L’aventure Ōme débute en 2016, lorsque Florent Behaegel découvre la tendance bean-to-bar à San Francisco. Cette approche consistant à fabriquer le chocolat directement à partir de la fève l’a tout de suite séduit. Il partage rapidement sa découverte avec Sophie Paluel-Marmont, qu’il rencontre à Paris et avec qui il va approfondir sa connaissance du cacao, notamment lors d’une formation commune au Venezuela auprès d’une experte internationale.
En juin 2024, Ōme voit le jour rue Saint-Guilhem, avec l’ambition de créer un lieu entièrement dédié au cacao et à sa compréhension. L’entreprise, portée par l’engouement de la clientèle, séduit à la fois les particuliers curieux et les professionnels de la gastronomie, et s’impose aujourd’hui comme une chocolaterie de référence et le seul bean-to-bar de Montpellier. Depuis sa création, leur travail a déjà été primé à multiples reprises dont récemment deux médailles de Bronze à la prestigieuse Academy of Chocolate de Londres.
Une immersion totale dans l’univers du cacao
Au-delà d’être une chocolaterie, Ōme propose une véritable expérience dans un lieu de vie dédié au cacao. Ce concept store de 120 m² rassemble une boutique, une manufacture visible et un espace de dégustation. Les visiteurs peuvent ainsi y découvrir toutes les étapes de transformation, de la fève de cacao à la tablette.
Les machines en fonctionnement, les arômes libérés et les fèves transformées créent une immersion sensorielle dans l’univers Ōme. Voir, sentir, goûter, mais aussi comprendre : l’expérience est pensée comme un parcours complet autour du cacao. Sur la mezzanine, les clients peuvent poursuivre l’expérience en dégustant des pâtisseries, des boissons chocolatées ou encore des glaces et sorbets, tous élaborés sur place.
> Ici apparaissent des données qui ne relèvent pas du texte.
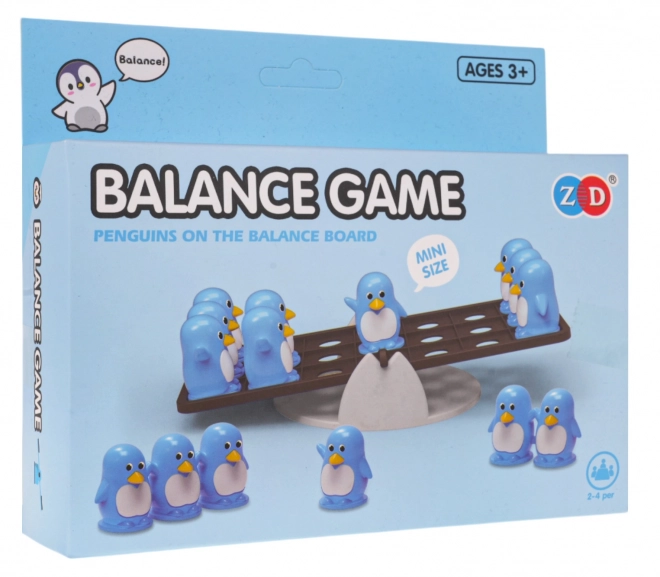 Gioco di abilità pinguino bilanciante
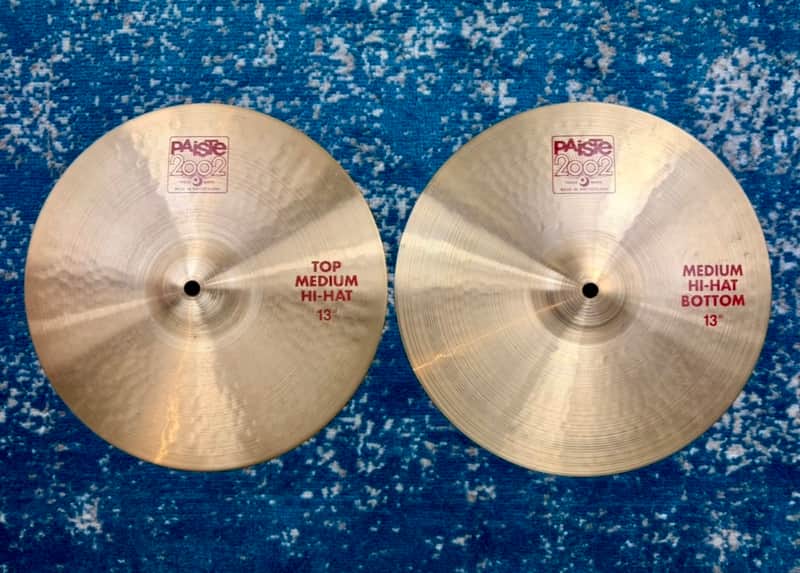 13” Paiste 2002 MEDIUM Hihats 811g 1111g image 1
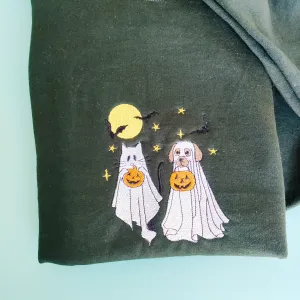 Dog and Cat Halloween Sweater Charlotte's Pet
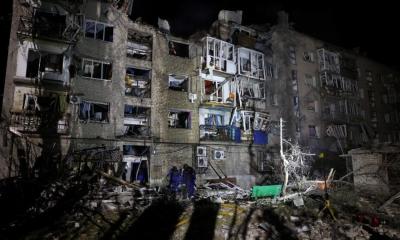 At least 7 killed in Russian strike on east Ukraine residential block
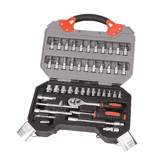 Clark dopsleutelset 1/4" 47-delig in kunststof koffer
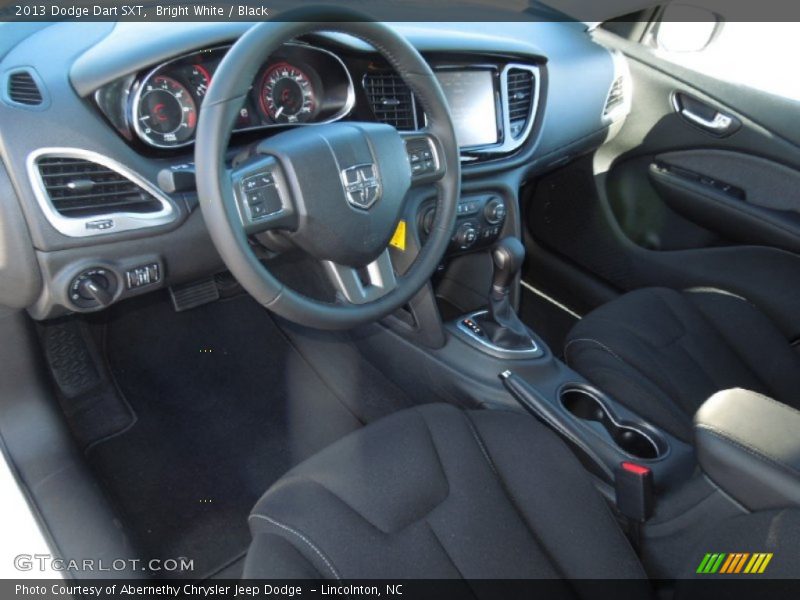 Bright White / Black 2013 Dodge Dart SXT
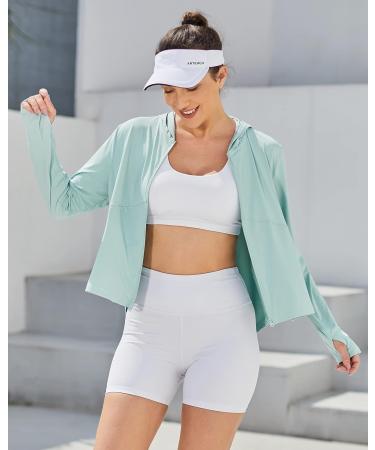 G4Free Women's UPF 50+ Sun Protection Hoodie Jacket - Mint Green - Size Large - Buy Online on GoSupps.com
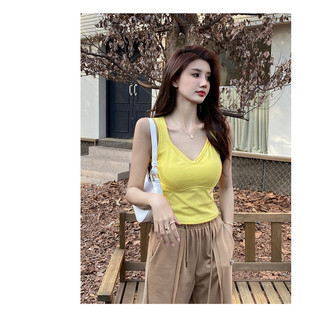 Áo Ba Lỗ Cổ Tim Có đệm QC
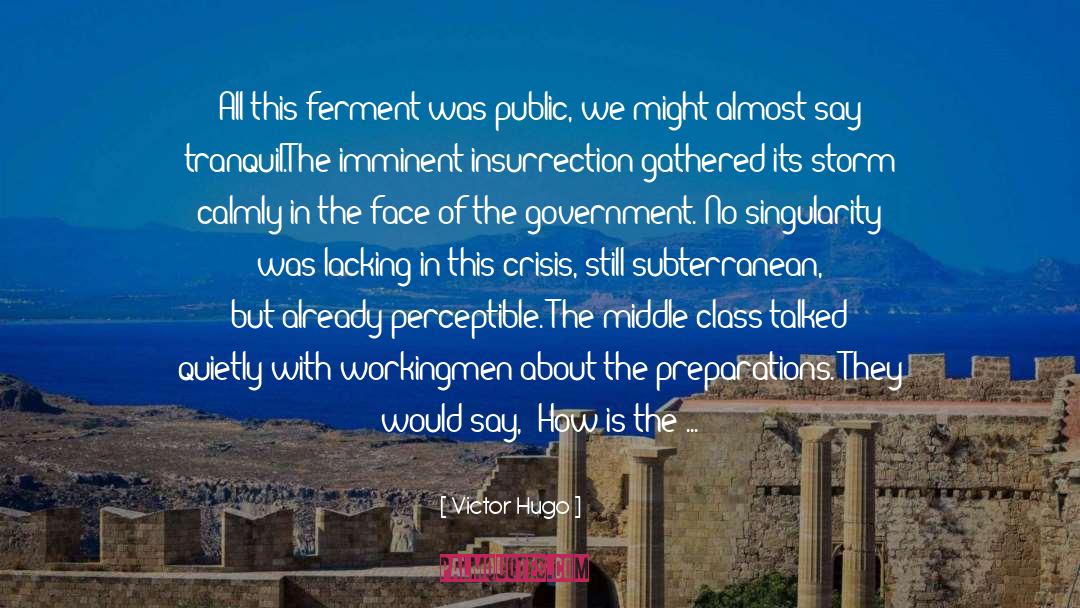 Victor Hugo Quotes: All this ferment was public,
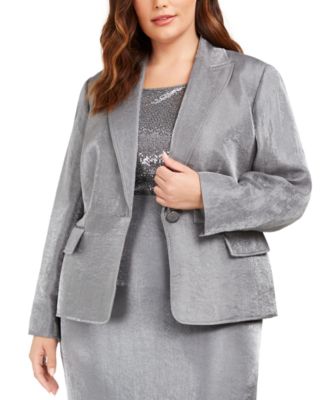 plus size metallic blazer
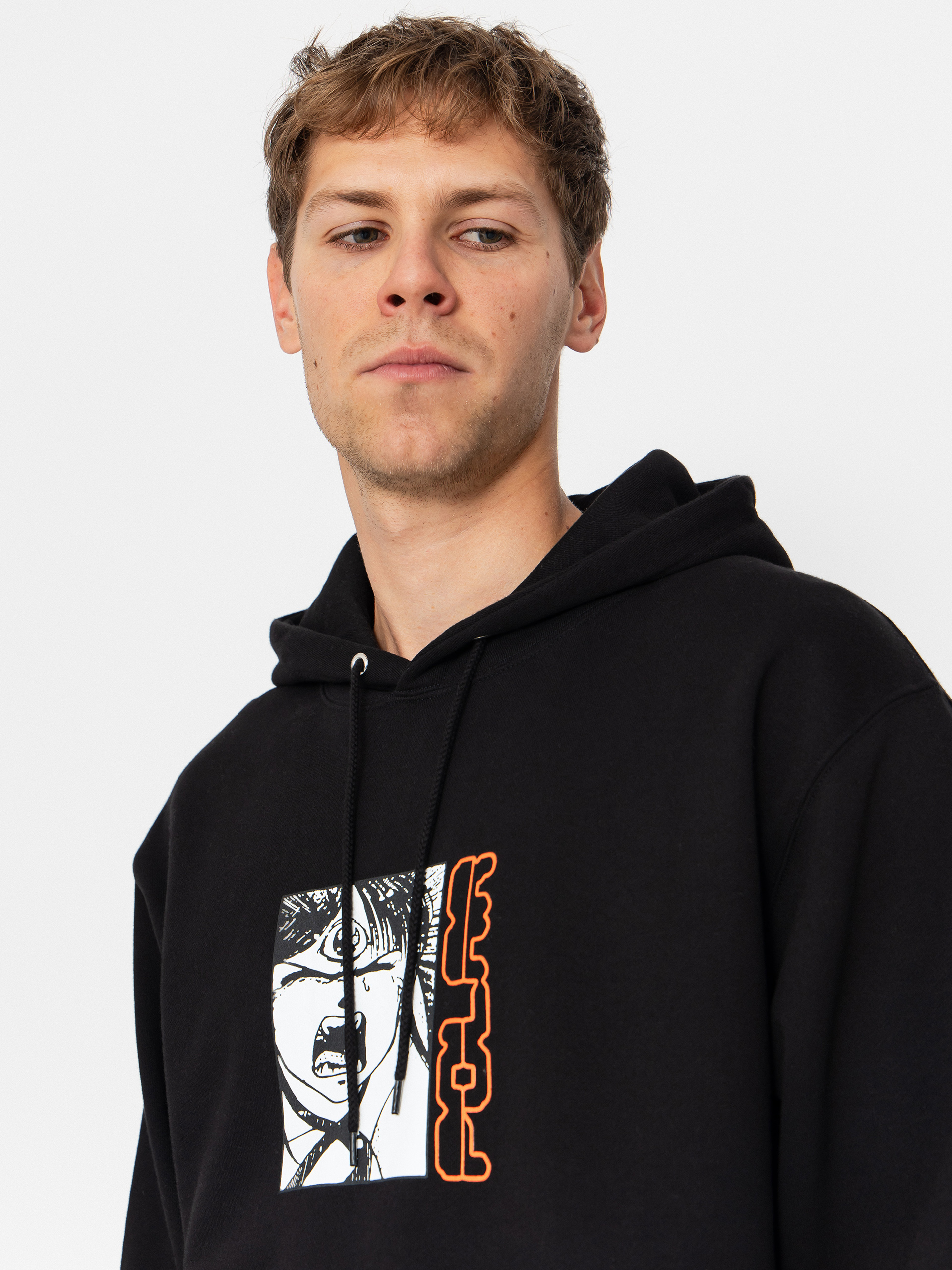 Суитшърт с качулка Polar Skate Dave Third Eye HD (black)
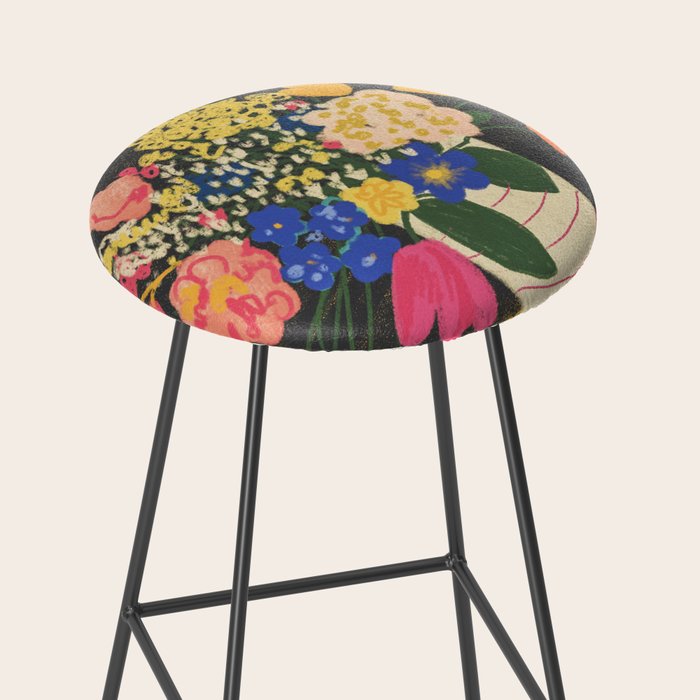 Bright bouquet  Stool Gallery Image 2
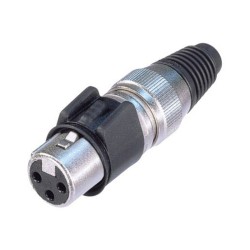 Neutrik NC-3FX-HD - Fiche Neutrik XLR femelle étanche IP67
Pour les plus curieux, des ateliers sont proposés , permettant de découvrir concrètement le travail du chocolatier bean-to-bar. Ōme, de cette manière, souhaite rendre accessible un savoir-faire méconnu et sensibiliser à ce que contient réellement le chocolat.
Une maîtrise totale des arômes du cacao
Ōme fait partie des rares chocolatiers à avoir importé le bean-to-bar, ce savoir-faire encore marginal. Moins de 2% des chocolatiers en France transforment aujourd’hui directement la fève, plaçant la marque parmi une minorité d’acteurs maitrisant ce processus.
Cette approche reposant sur la transformation intégrale de la fève de cacao est surtout connue pour révéler la richesse aromatique de chaque origine. Une quinzaine de variétés, issues de plantations sud-américaines, d’Asie ou encore d’Ouganda, sont sélectionnées par les fondateurs.

Le fabricant montpelliérain mise sur une philosophie minimaliste, avec seulement deux ingrédients dans son chocolat : le cacao et le sucre, sans additif. Cette exigence se retrouve dans la totalité de la gamme : tablettes, pralinés, pâtes à tartiner ou fruits enrobés. À la différence d’une chocolaterie traditionnelle, Ōme intervient dès la matière première pour imaginer des produits uniques dont le goût varie selon l’origine de la fève.
La marque travaille aussi avec des chefs et des établissements gastronomiques, pour qui elle propose des créations sur mesure où la fabrication artisanale, la qualité et la richesse aromatique sont particulièrement attendues.
Un projet ambitieux porté par des valeurs fortes
Depuis sa création, Ōme connaît un développement soutenu, portée par une vision exigeante du chocolat et une cohérence dans ses choix de production. Cette croissance repose sur des valeurs incarnées avec fierté : transparence, traçabilité, respect des producteurs et qualité des matières premières. La sélection des fèves est au cœur du processus : Ōme travaille avec des cacaos de spécialité, issus de cultures en agroforesterie et de filières garantissant une rémunération juste des producteurs. A l’exception des fèves de cacao, toutes les matières premières et packagings sont sourcés dans un rayon de 200 km autour de la manufacture.
Ancrée dans son territoire, Ōme développe en parallèle son activité auprès de professionnels tels que des restaurants, des hôtels ou des artisans, tout en défendant une autre manière de consommer le chocolat : plus consciente, plus qualitative et plus respectueuse de la matière première.